Eliminate the use tax on Fort Collins manufacturers. Few Colorado communities impose a use tax on companies and ever fewer impose it on manufacturers. The fact that Fort Collins does creates a significant barrier to the attraction and expansion of primary employers. Waiving or reimbursing the tax to employers is not a ‘tax giveaway’ or ‘corporate welfare’ as some contend because it is a tax that should not be imposed anyway. Eliminating it removes a large job-killing obstacle and evens the playing field vis-a-vis other communities.

Implement the City of Fort Collins’ new strategic economic plan. Adopted in 2012, the plan is a good roadmap for creating good-paying jobs in Fort Collins. The plan is detailed and multi-faceted, but several of the recommendations should receive priority attention:

  • Emphasize entrepreneurship. In particular, the community, especially city government, should continue to support the work of the Rocky Mountain Innosphere.
  • Focus on clusters. The City should finish its work to update the cluster study, so that limited community resources can be used to yield the best economic benefit for the community.

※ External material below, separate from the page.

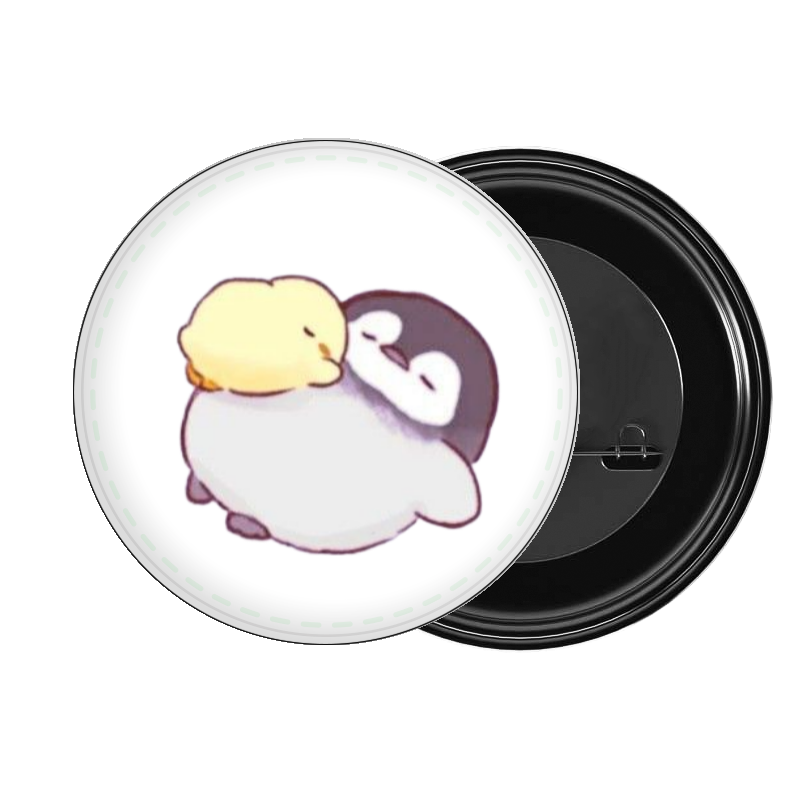duck brooch 5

Identify the gaps in workforce skills. Good data needs to be gathered on the current workforce’s skills and what employers need then work with the community college, university and others to fill those skills gaps.

* The use tax is a form of sales tax. It is “remitted to the City by the person storing, using, distributing or consuming the tangible personal property or taxable service within the City of Fort Collins.” Such parties must remit a use tax when a Colorado municipal sales tax of 3.85% has not been paid. City leaders contend that the use tax is suppose to equalize competition between vendors located in the City who collect Fort Collins sales tax and those located outside the City who do not charge Fort Collins sales tax. It is an incentive to make local purchases. The Chamber contends that for capital equipment intensive companies like manufacturers the use tax is a huge disincentive for being in Fort Collins.